Unsupervised Machine Learning for Detecting Structural Anomalies in European Regional Statistics

2026-05-04Machine Learning

Machine Learning
AI summary

The authors address the challenge of spotting unusual combinations of socio-economic indicators across European regions using data from Eurostat. They test five machine learning methods on data like GDP, unemployment, education, and population density, and label regions as unusual if flagged by multiple methods. Their approach highlights regions that differ structurally, such as wealthy cities and less developed areas, without implying data errors. This method can help policymakers understand and respond to regional differences. The authors emphasize that their approach is practical, reproducible, and can be integrated into existing data checks.
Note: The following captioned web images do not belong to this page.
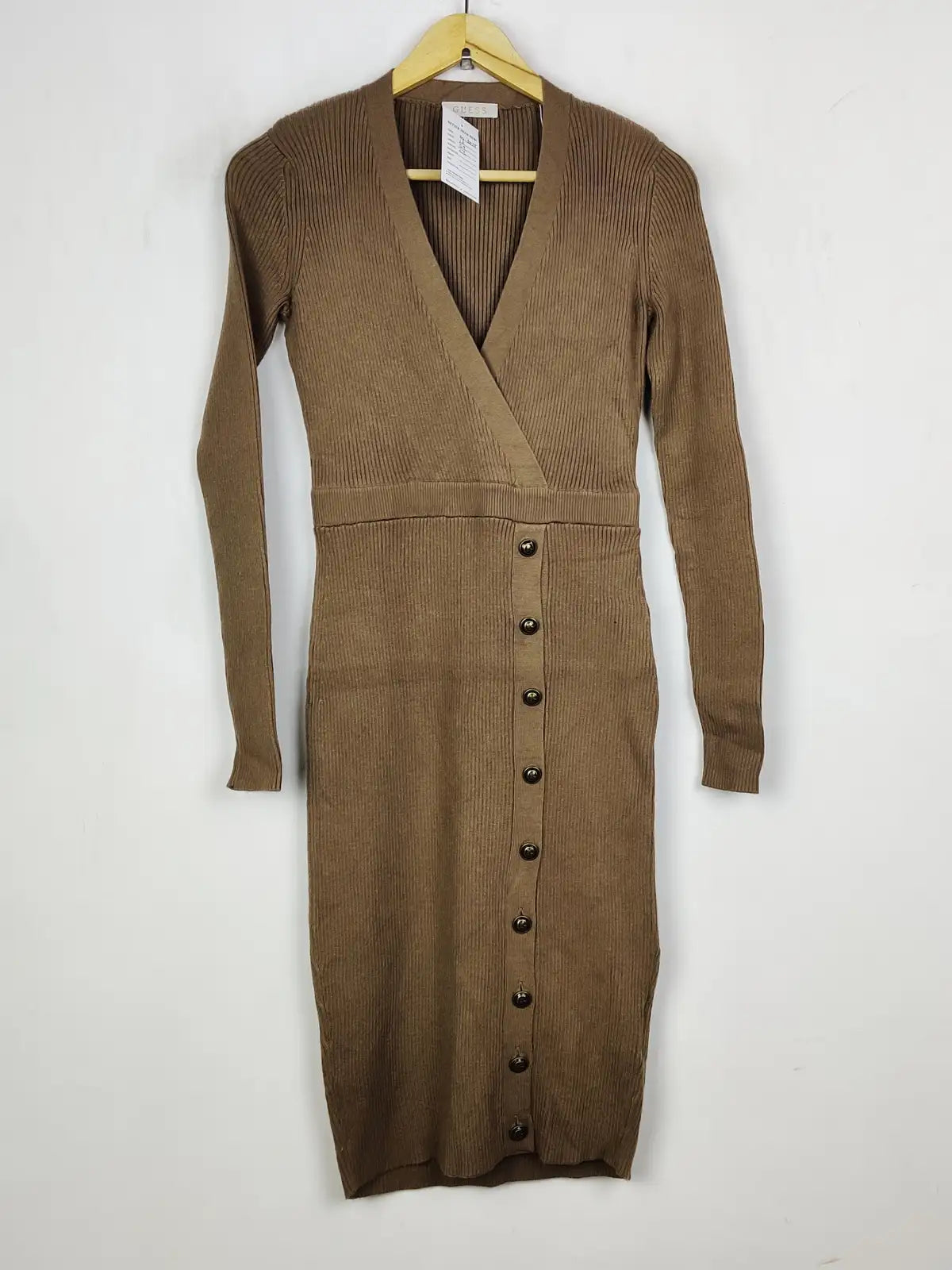 Buy online pre-used pre-loved 100% authentic & Original branded Guess (BD-1078) available in Pakistan. Top international brands avilable.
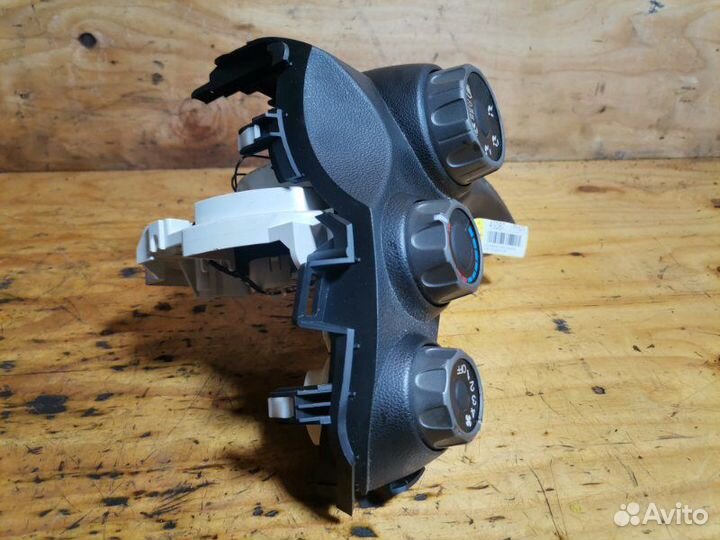 Блок управления климат контролем Honda Fit GE6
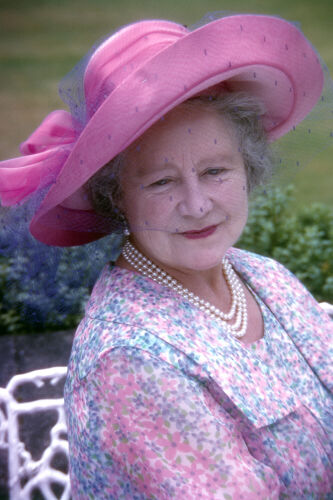 NP_RY069: Queen Elizabeth the Queen Mother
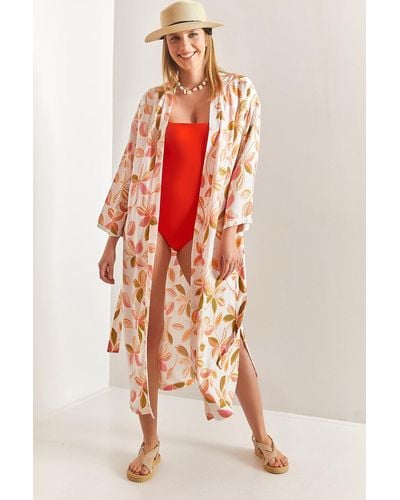 Bianco Lucci Mehrfarbig gemusterter kimono mit gürtel - Pink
anomaly detectionEurostatNUTS2 regionsGDP per capitaunemployment ratetertiary educationpopulation densitymachine learningIsolation ForestLocal Outlier Factor
Authors
Bogdan Oancea
Abstract
Ensuring the coherence of regional socio-economic statistics is a central task for national statistical institutes. Traditional validation tools, such as range edits, ratio checks, or univariate outlier detection, are effective for identifying extreme values in individual series but are less suited for detecting unusual combinations of indicators in high-dimensional settings. This paper proposes an unsupervised machine learning framework for identifying structurally atypical regional profiles within Europe using publicly available Eurostat data. We construct a cross-sectional dataset of NUTS2 regions (2022) covering four key indicators: GDP per capita in PPS, unemployment rate, tertiary educational attainment, and population density. We apply and compare five anomaly detection techniques, univariate z-scores, Mahalanobis distance, Isolation Forest, Local Outlier Factor, and One-Class SVM, and classify a region as a structural anomaly if it is flagged by at least three of the five methods. The findings show that machine learning methods identify a consistent set of regions whose multivariate profiles diverge substantially from the EU-wide pattern. These include both highly developed metropolitan economies (Brussels, Vienna, Berlin, Prague) and regions with persistent socio-economic disadvantages (Central and Western Slovakia, Northern Hungary, Castilla-La Mancha, Extremadura), as well as Istanbul, whose profile differs markedly from EU capital regions. Importantly, these anomalies do not necessarily signal data quality issues; rather, they reflect meaningful structural divergence that warrants analytical or policy attention. The proposed framework is fully reproducible, scalable, and compatible with existing validation workflows, offering a flexible tool for early detection of unusual regional configurations within the European Statistical System.